The midday hours of December 30, 2004 brought a strong low-pressure area to the Great Plains, as shown in the puzzle solution. It had originated from the Pacific states, whose residents were already enduring a stormy winter. The system crossed through Nevada and Wyoming before reaching the Dakotas. Along with it was a large band of precipitation, highlighted by the green shading.

The surface map shows very strong temperature contrasts on either side of the low pressure area. Subzero temperatures covered much of Canada, while springlike warmth blanketed the central and southern plains. This contrast indicates that the system was baroclinic, capable of deepening rapidly and producing strong upward vertical motion. Rising motion can produce clouds and precipitation.

A baroclinic low tends to move eastward along the warm front and slightly toward the cold air, thus Minnesota and Wisconsin were directly in the path. The heaviest precipitation is usually found just to the left of the track. Nearly an inch of precipitation fell in northern North Dakota and Minnesota, much of it in the form of ice and snow. Major highways, including the Canadian freeway connecting Winnipeg to the United States, were shut down, and Fargo was paralyzed by freezing rain.

South of the low are downslope winds, which warm adiabatically. Adiabatic warming occurs merely due to a change in elevation and pressure, not necessarily from any external heat source, as the air mass descends from the Rocky Mountains into progressively lower elevations. Indeed, unseasonably warm temperatures were nosing into Kansas and parts of Nebraska, reaching nearly 70 degrees.

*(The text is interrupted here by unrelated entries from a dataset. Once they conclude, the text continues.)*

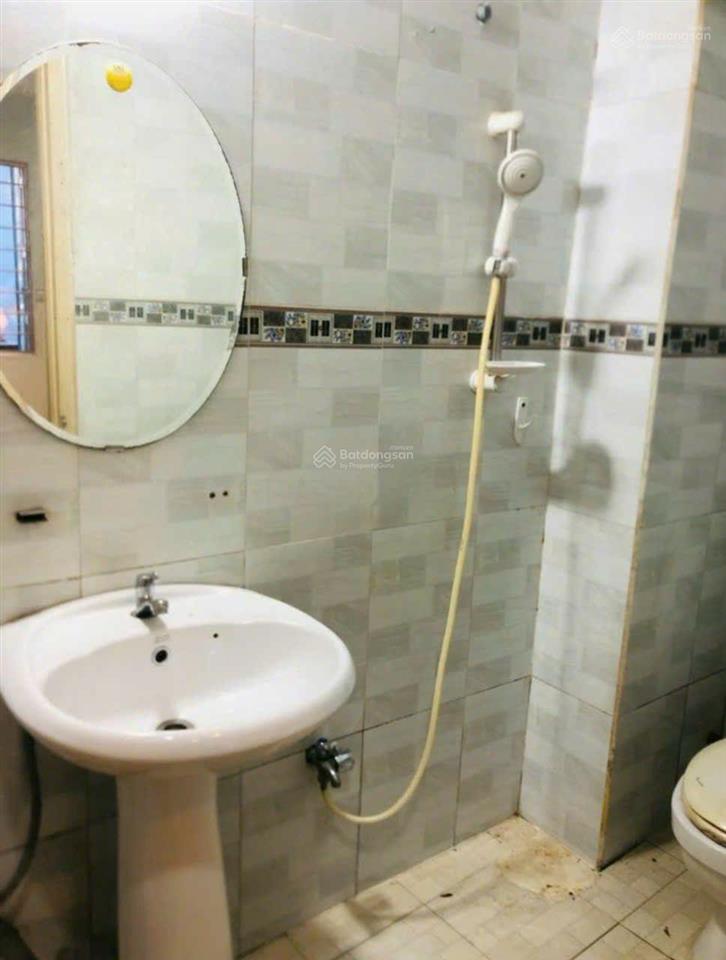 Cho thuê nhà tân bình. 2pn 2wc. gía chỉ 10 triệu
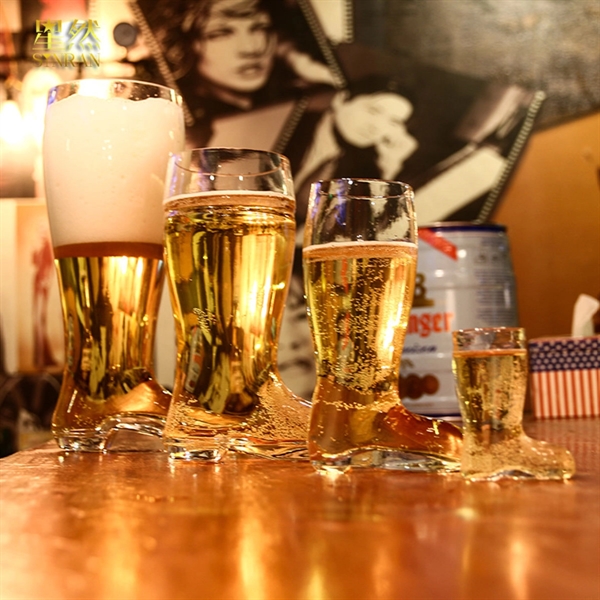 Das Boot Glass Beer Mug 35oz - Das Boot Glass Beer Mug 35oz - Image 2 of 4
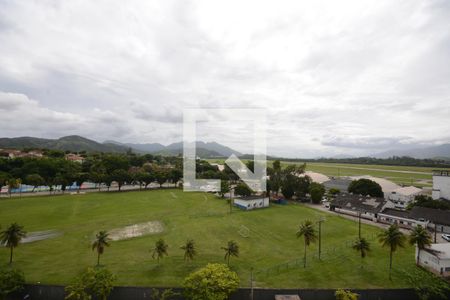 Vista da varanda de apartamento para alugar com 3 quartos, 68m² em Marechal Hermes, Rio de Janeiro
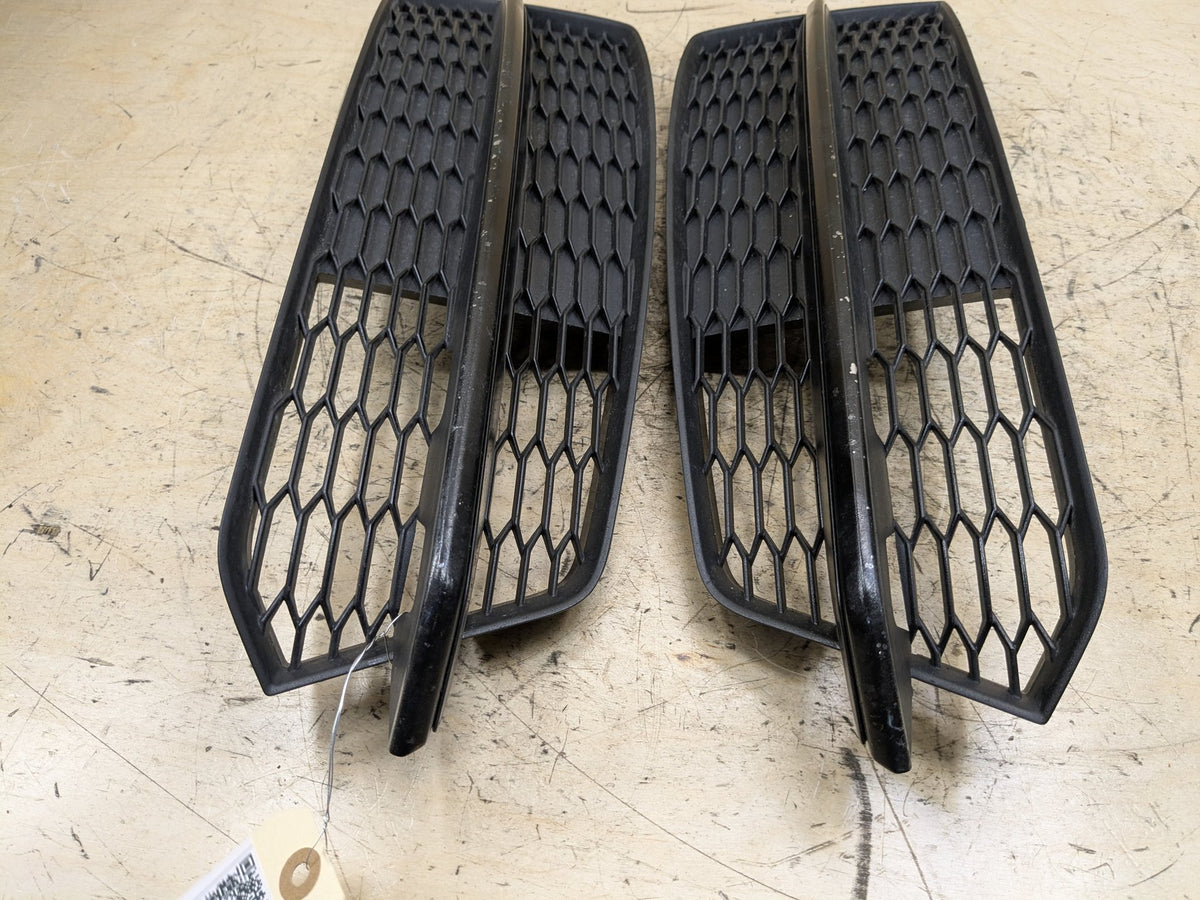 2012-2018 Audi A6 C7 Bumper Cover Grilles SET 4G0807682AF OEM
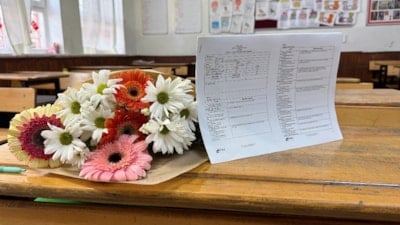 Adana'da babaları tarafından öldürülen kardeşlerin sırasına çiçekler bırakıldı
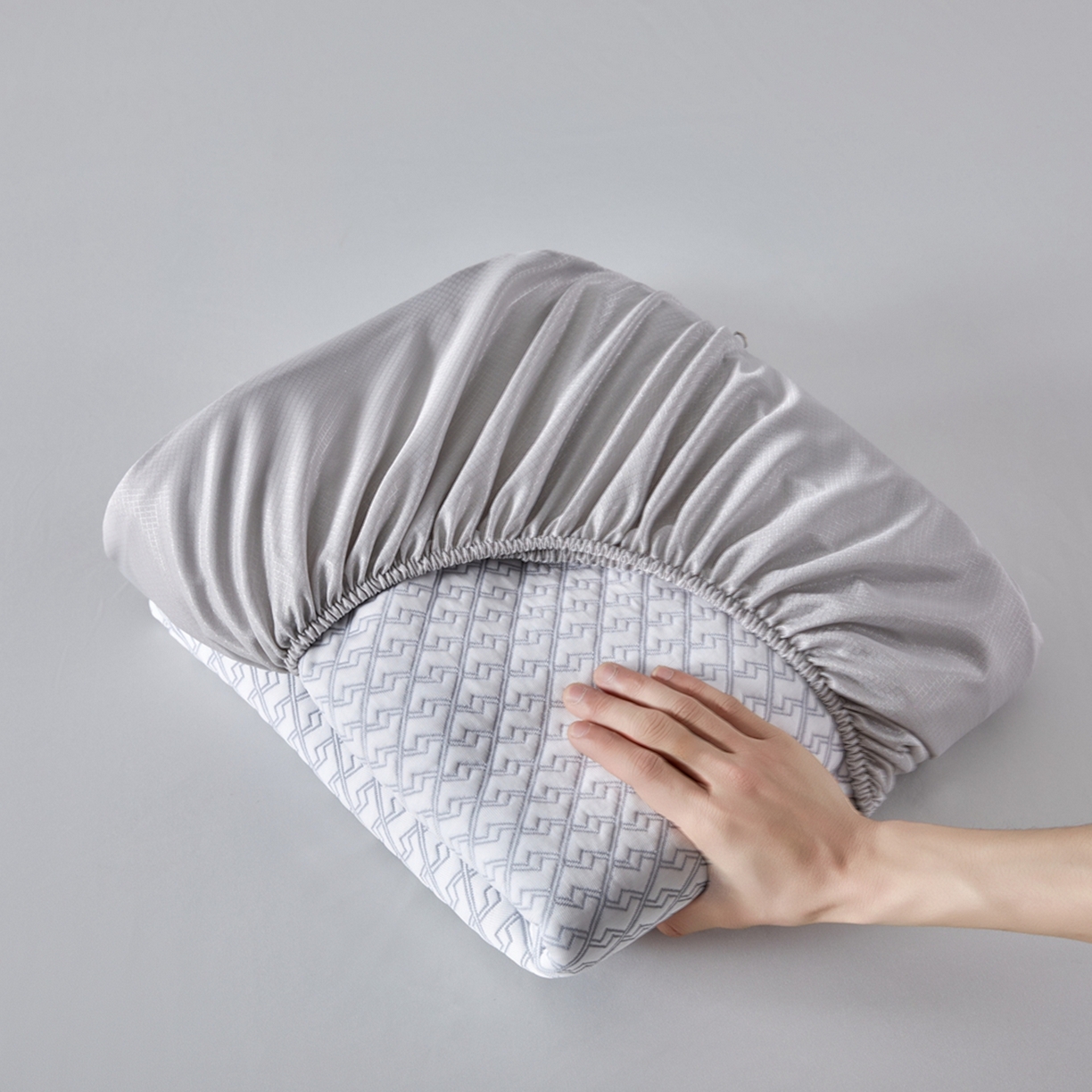 91家纺网 家纺一手货源 找家纺 满座家居 2026新款乙纶高冰凉感高分子PE凉席床笠款冰丝席三件套 简奢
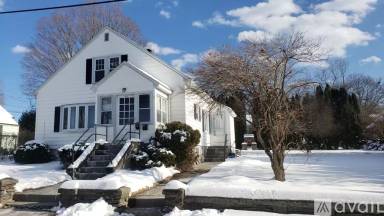 Main picture of 40 Angelo St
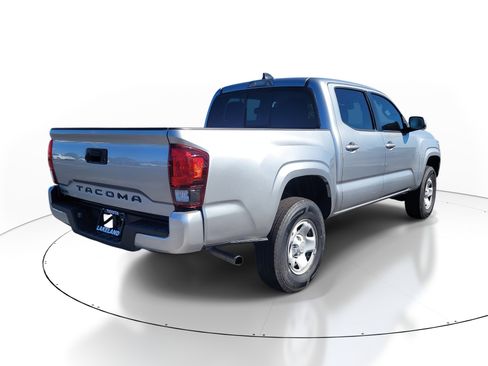 Certified 2022 Toyota Tacoma SR image 6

Three troughs were found: one in Colorado, associated with strong flow across the lee side of the Rocky Mountains, and the other in Kansas, associated with the axis of warmest temperatures. Another trough was located along the Montana-Saskatchewan border, which divided two polar air masses: a dry one from western Canada and a more humid one from the Hudson Bay region. Though surface convergence can cause rising motion along troughs, only the Saskatchewan trough was associated with poor weather as the relative humidity in both Colorado and Kansas, indicated by the temperature-dewpoint difference, was quite low.